Aim of the exercise
Images don't belong in the copy. Output the rest of the data exactly.

== Dataset excerpt

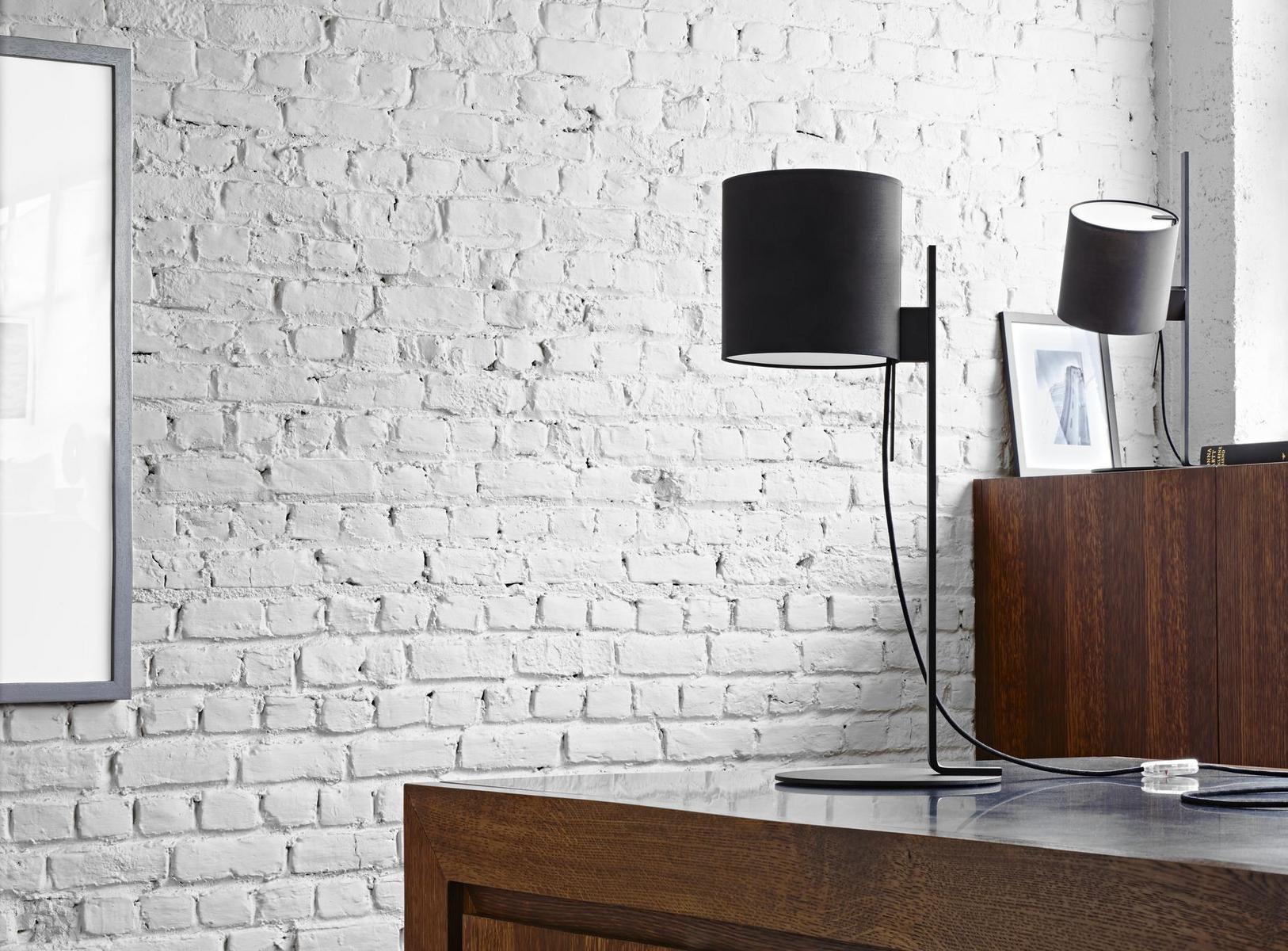 Table lamp with steel base and cotton shade | Magnet Lamp by Ligne Roset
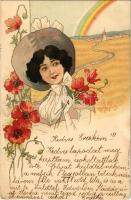 Pipacsos szecessziós hölgy / Art Nouveau Lady with poppy flowers. B. Fürth No. 3223. litho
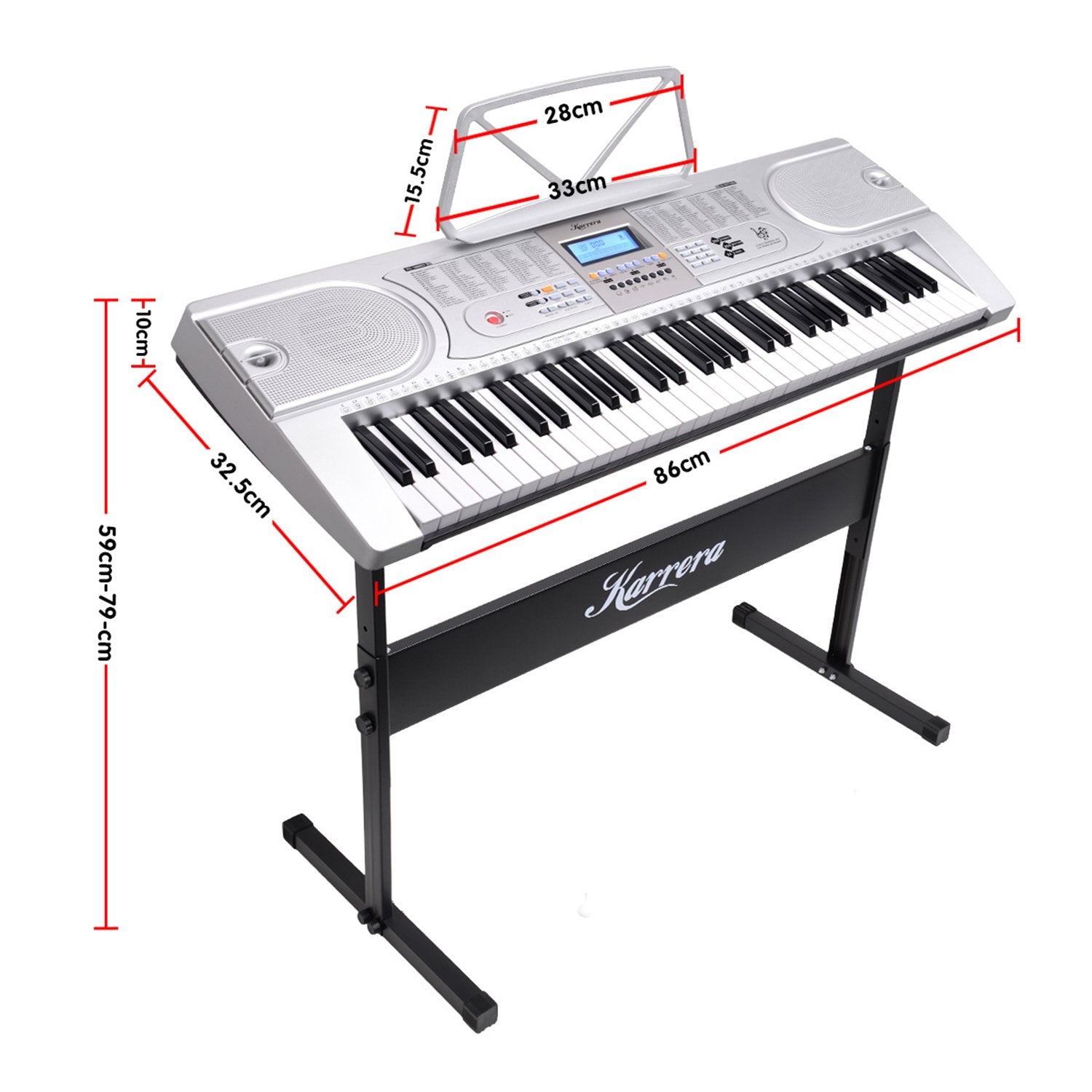 Karrera 61 Keys Electronic Keyboard Teaching Piano with Electric Stand in Silver CHJ-61 3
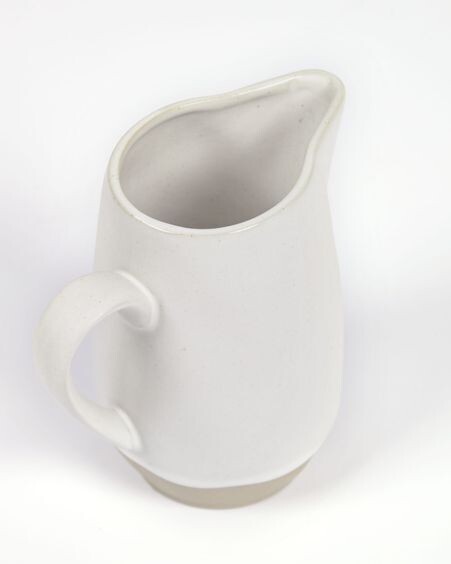 Jarra de leche Ryba de cerámica blanco y marrón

====

Answer space
 Table lamp with steel base and cotton shade | Magnet Lamp by Ligne Roset
 Pipacsos szecessziós hölgy / Art Nouveau Lady with poppy flowers. B. Fürth No. 3223. litho
 Karrera 61 Keys Electronic Keyboard Teaching Piano with Electric Stand in Silver CHJ-61 3
 Jarra de leche Ryba de cerámica blanco y marrón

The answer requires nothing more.